2 Preheat the oven to 180°C, 350°F, gas mark 4.
3 Heat the remaining oil in a frying pan, add the chicken livers and fry for just a few minutes until brown on the outside but still pink on the inside. Remove from the heat and season with salt and pepper.
4 Roughly chop the livers and place them in a bowl. Finely dice 250 g (8 oz) of the bacon and add to the livers with the minced ham, eggs, remaining brandy, herbes de Provence and some salt and black pepper. Mix together thoroughly.
5 Line a 1.5 litre (21⁄2 pint) terrine dish with three-quarters of the remaining streaky bacon rashers.
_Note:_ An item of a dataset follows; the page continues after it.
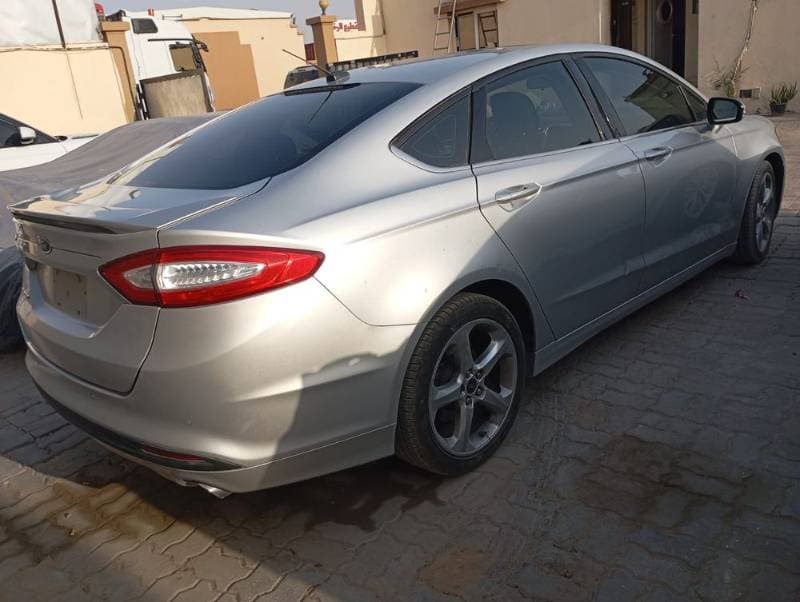 2014 Ford Fusion thumbnail 4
Take the bay leaves from the marinade and place them on the base of the terrine. Cover with a quarter of the pâté mixture. Cover with the strips of veal and top with another quarter of the pâté. Arrange the chicken strips on top and cover with pâté, then a layer of gammon and a final layer of pâté. Cover with the remaining bacon rashers. Pour a little of the marinade over the surface.
6 Cover with cling film and aluminium foil, and a lid if there is one. Sit the terrine in a dish of water and cook in the preheated oven for 2 hours.
7 Remove from the oven and place heavy weights on top of the pâté. Leave to cool, then chill for at least 12 hours. Turn out and slice to serve. The terrine will keep for a week in the fridge and can be frozen.